Are there any shops that are using Ink Locker's fulfillment network that would be willing to share their experience offline regarding volume of jobs available, consistency, etc.?

Thanks!


----------



## ThomasLincoln (Jan 5, 2018)

I've been using Inklocker - or trying to. Their quality is good; more like silkscreen than digital, rasterized reproduction. (Especially hairlines).

The problem is that their website seems to have all kinds of technical issues. I tried to place an order for three shirts yesterday, as well as the day before. Even though filling in all the data, including billing information, their robot has been giving me an irritating error message that suggests some Field isn't filled in. Even though it is.

Their customer service isn't too helpful. If you inquire about the cotton make-up of a shirt they just don't know. They say there are only 5 employees and that they are merely middle men.

What has your experience been

Thomas Lincoln


----------



## josevidal1970 (Nov 24, 2018)

moebraet said:


> Are there any shops that are using Ink Locker's fulfillment network that would be willing to share their experience offline regarding volume of jobs available, consistency, etc.?
> 
> Thanks!


Hello,
I used ink-locker the first week ordering 5 - 10 t-shirts eery 2 weeks.
After the 2 weeks, I noticed the inconsistencies in the prints.
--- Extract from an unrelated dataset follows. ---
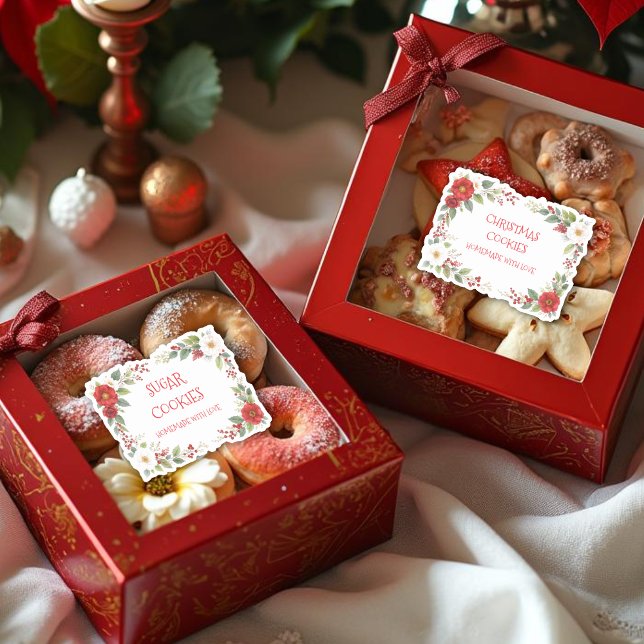 Elegant Christmas Frame For Cookies Exchange (Charming Elegant Christmas Frame For Cookies Exchange Party Stickers.)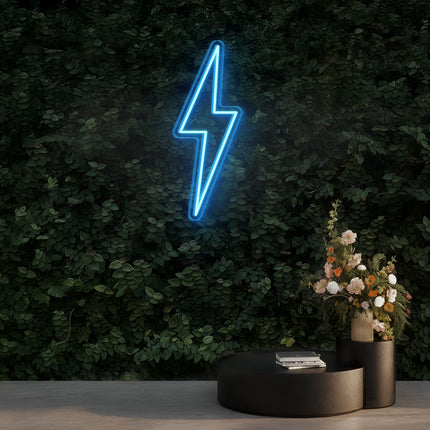 Ice Blue Lightning Flash Neon Sign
The detail were getting dull, color did not compare with color submitted. Top left for front print were submitted 5 inches wide and I received them less than 4 inches wide, plus, prints were not centered correctly. Back image was off to the left or right and then either too low or smaller than the 14" wide they say they use. Even on their website, the largest you'll be able to place is 13.7" wide, leaving .3" of waste space, it may not see much, but that .3" makes a difference.

Plus they bounce your orders to different home shops, those who have recently purchased a Ricoh DTG printer, so they practice with orders, and the customer is supposed just accept it. When I began to complain about the quality of work that they advertise, I began to get the cold shoulder, my emails weren't answered with the same time frame as before the discrepancies began. 

Yes, with inklocker you dont pay that set up fee other shops charge, but if you want good quality work, dont go with inklocker. if your a school in need of tees, then yes, usually those dont require more than 2 or 3 colors. If you need more than 6 colors like I do, then I suggest you get an experienced print shop. Inklocker served a purpose and due to the lack of Q&A and Q&C they have over home based print shops is not worth the 7.41 to 16.40 per tshirt and the addition of 4.00 for adding a back image. I was able to find a printer 2 blocks from me, they use a Brother DTG printer and the images are way crispier than the Ricoh DTG printer.


----------



## Hall123 (Jan 25, 2019)

I have used them try to find out more let me know if you have time to talk off the message board


----------